Captioned web images
'''

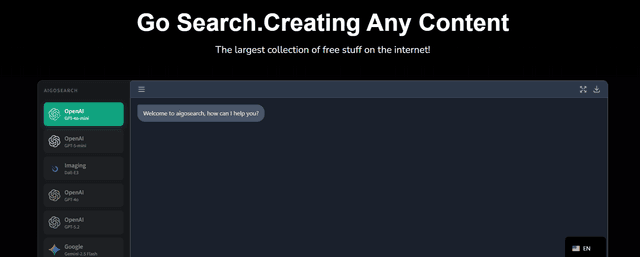 Aigosearch screenshot 1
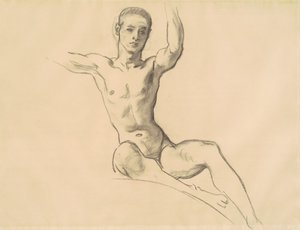 Study for Figure Above Music, 1919-1920 by John Singer Sargent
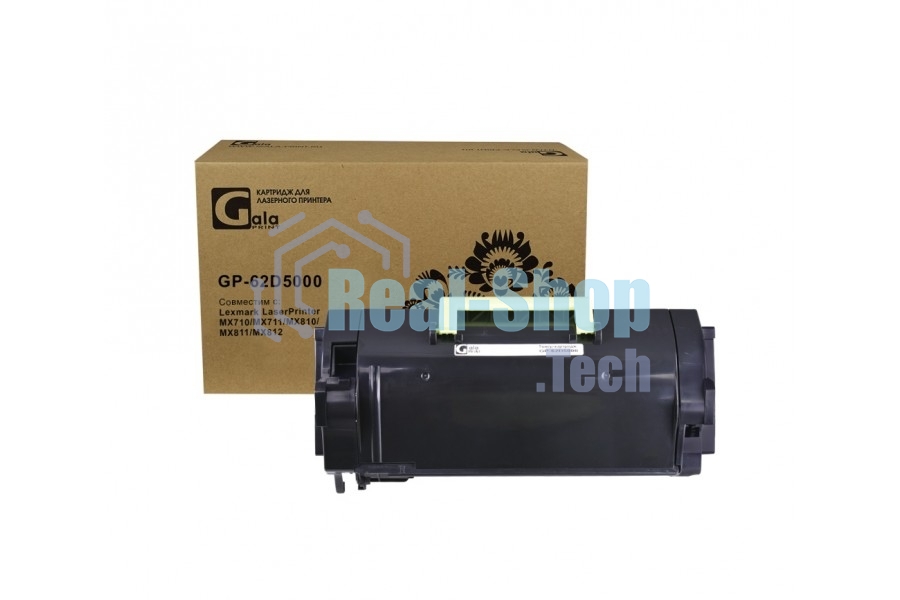Картридж лазерный GalaPrint GP-62D5000 черный (6000 стр.) для Lexmark LaserPrinter MX710/MX711/MX810/MX811/MX812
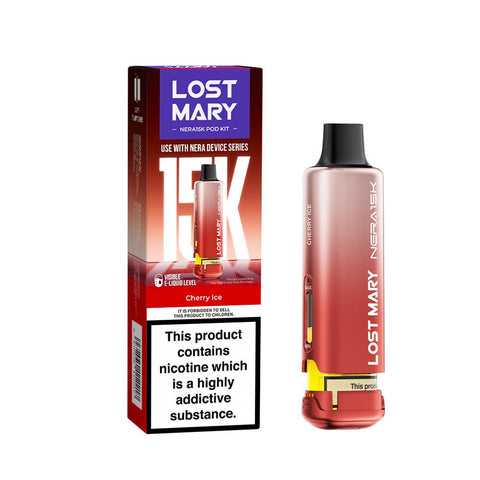 Lost Mary Nera 15K Refillable Pod Kit - (Pack of 5) - Washington Vapes Wholesale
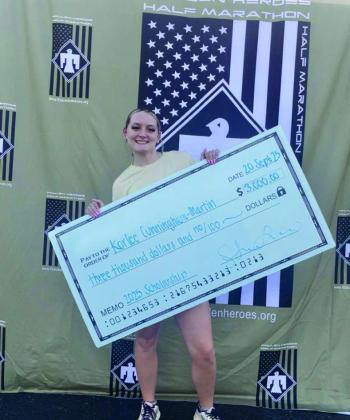 Madill native receives $3000 scholarship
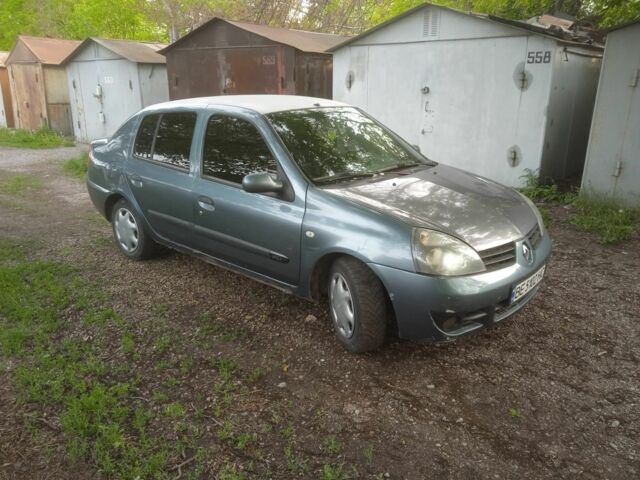 Серый Рено Clio Symbol, объемом двигателя 1.4 л и пробегом 299 тыс. км за 2200 $, фото 1 на Automoto.ua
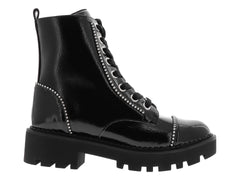 Botines Westies Mercredi Negro Charol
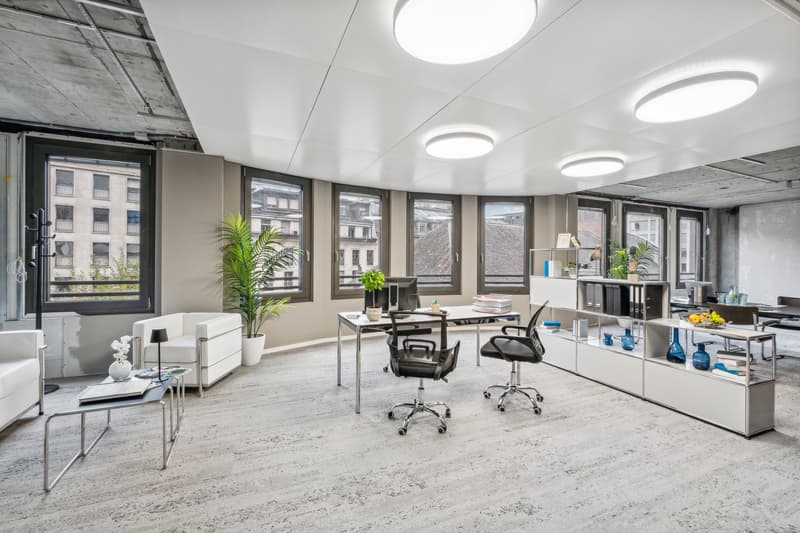Dans un immeuble rénové, au cœur de la Rue du Rhône à Genève, surface de bureaux premium et attractives (5)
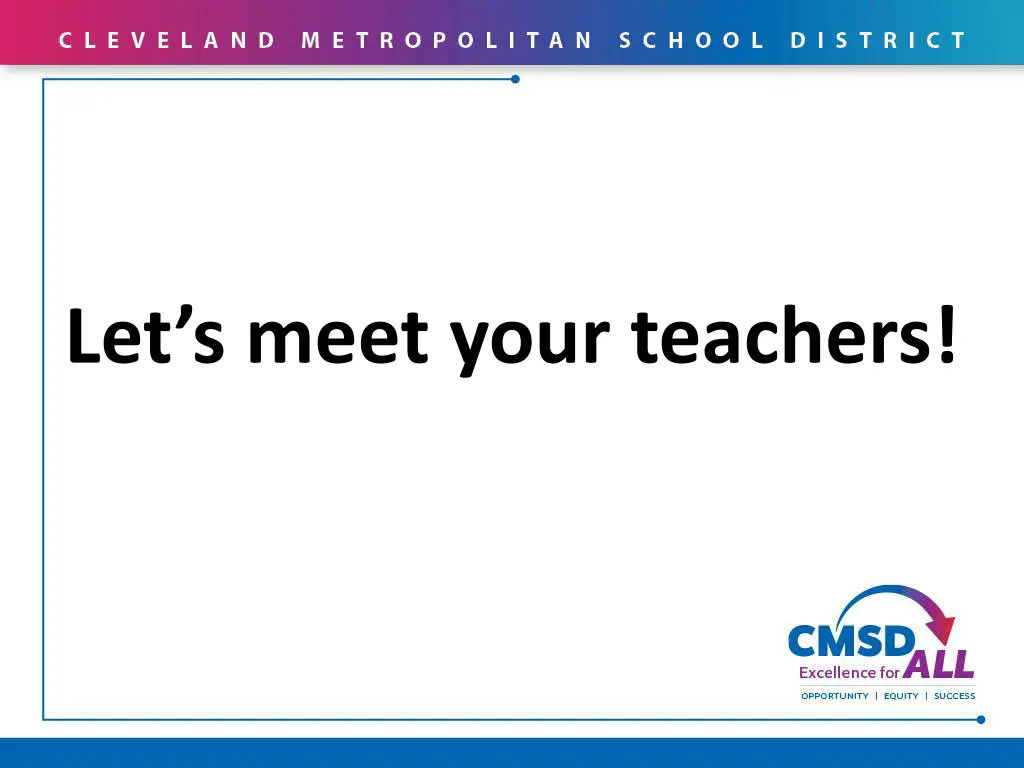 let s meet your teachers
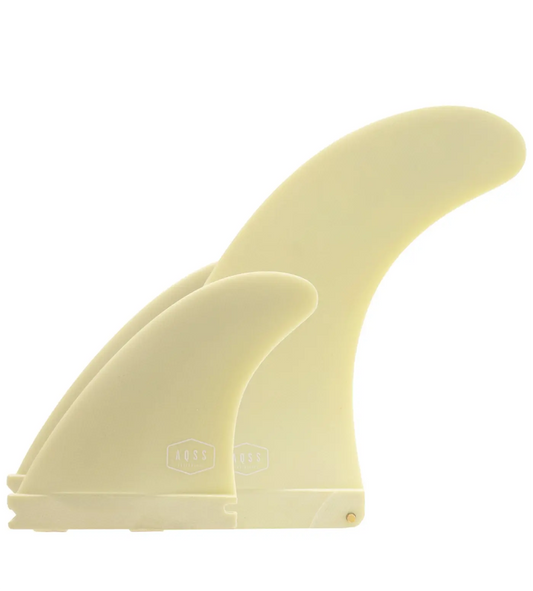 AQSS 2+1 Fin Set - Beige 9" + Twin Tab 5"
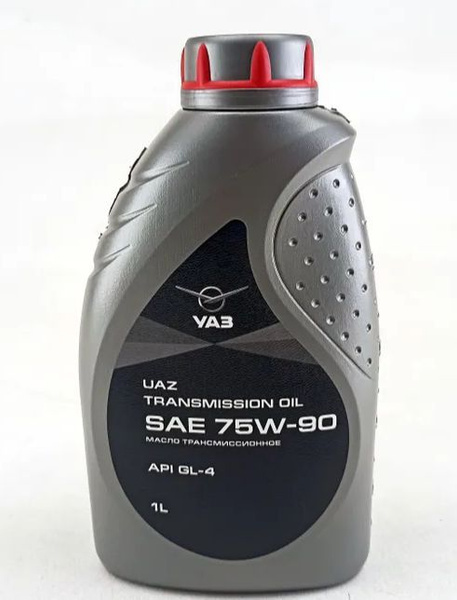 Трансмиссионное масло УАЗ SAE 75w90 API GL-4 1л арт 000000-4734008-00 ...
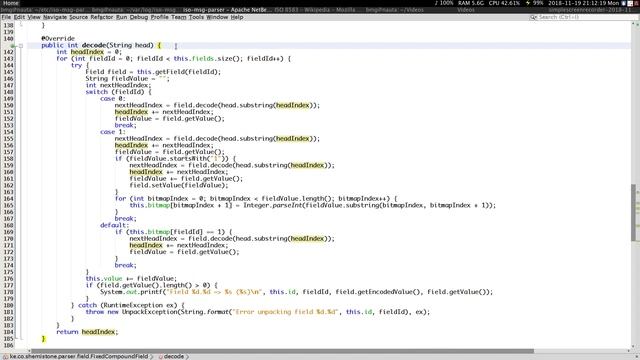10. iso 8583 parser - encoding and decoding fixed compound field смотреть онлайн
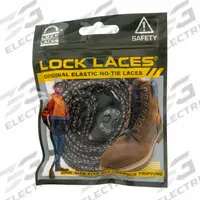 LOCK LACES Safety Boot Laces: CAM72, Camouflage, Elastic, 72 in Overall Lg, Round, No-Tie, 1 PR. Key specifications — Color: Camouflage; Brand: LOCK LACES; Lace Type: No-Tie; Material: Elastic.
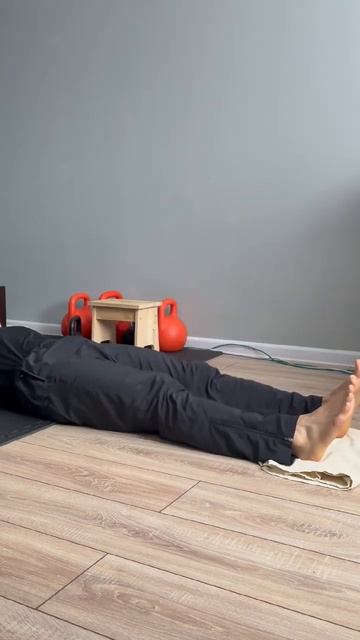 Сгибание голени с полотенцем (без эксцентрики)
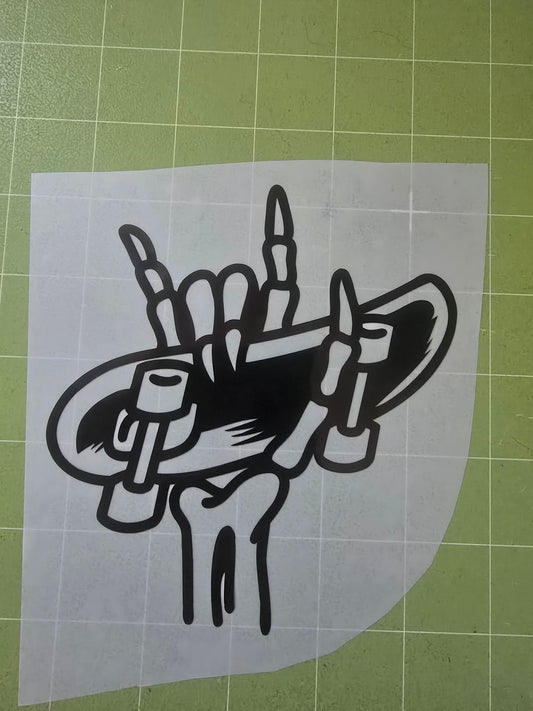 Skateboard vinyl decal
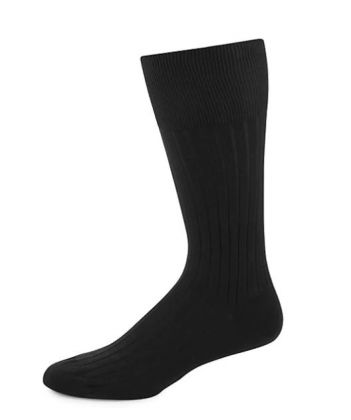Cotton Ribbed  Midcalf Dress Socks by Marcoliani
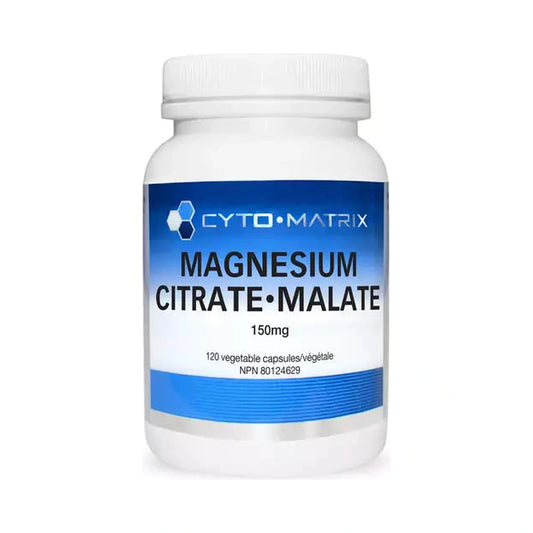 Cyto Matrix Magnesium Citrate Malate 120 Veg Capsules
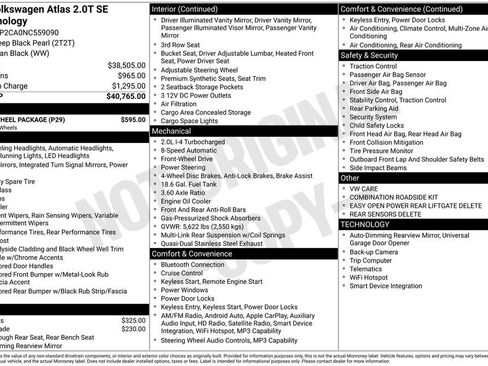 Used 2022 Volkswagen Atlas SE w/ Black Wheel Package FWD image 36
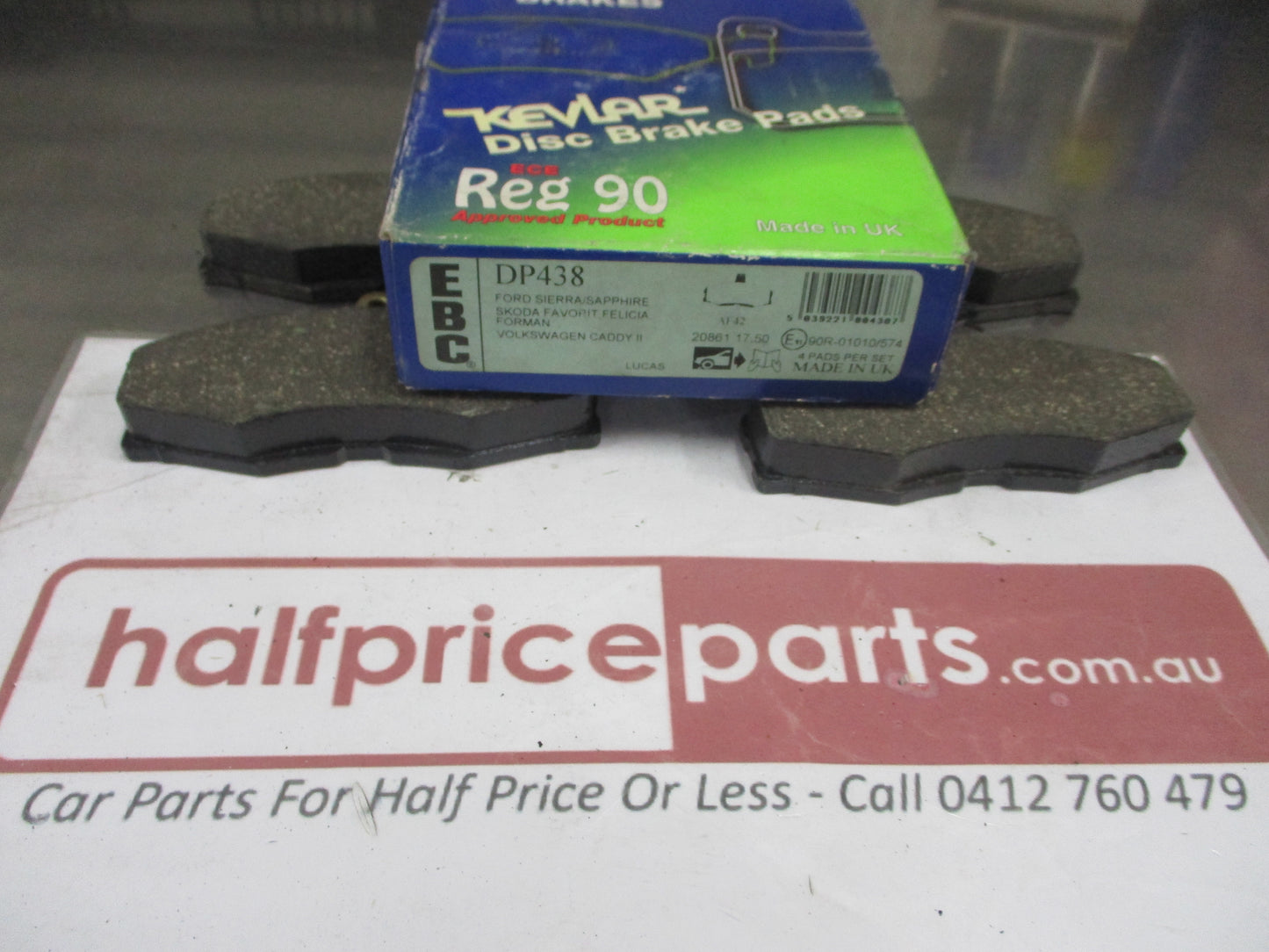 EBC Front Disc Brake Pad Set Suits VW Commerical/Caddy New Part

'''

- [About this task]
Look above for the line with "AQSS 2+1 Fin", then give again exactly every line from there through the line with "Cyto Matrix Magnesium", skipping the pictures.

- [Answer section]
 AQSS 2+1 Fin Set - Beige 9" + Twin Tab 5"
 Трансмиссионное масло УАЗ SAE 75w90 API GL-4 1л арт 000000-4734008-00 ...
10. iso 8583 parser - encoding and decoding fixed compound field смотреть онлайн
 LOCK LACES Safety Boot Laces: CAM72, Camouflage, Elastic, 72 in Overall Lg, Round, No-Tie, 1 PR. Key specifications — Color: Camouflage; Brand: LOCK LACES; Lace Type: No-Tie; Material: Elastic.
 Сгибание голени с полотенцем (без эксцентрики)
 Skateboard vinyl decal
Cotton Ribbed  Midcalf Dress Socks by Marcoliani
 Cyto Matrix Magnesium Citrate Malate 120 Veg Capsules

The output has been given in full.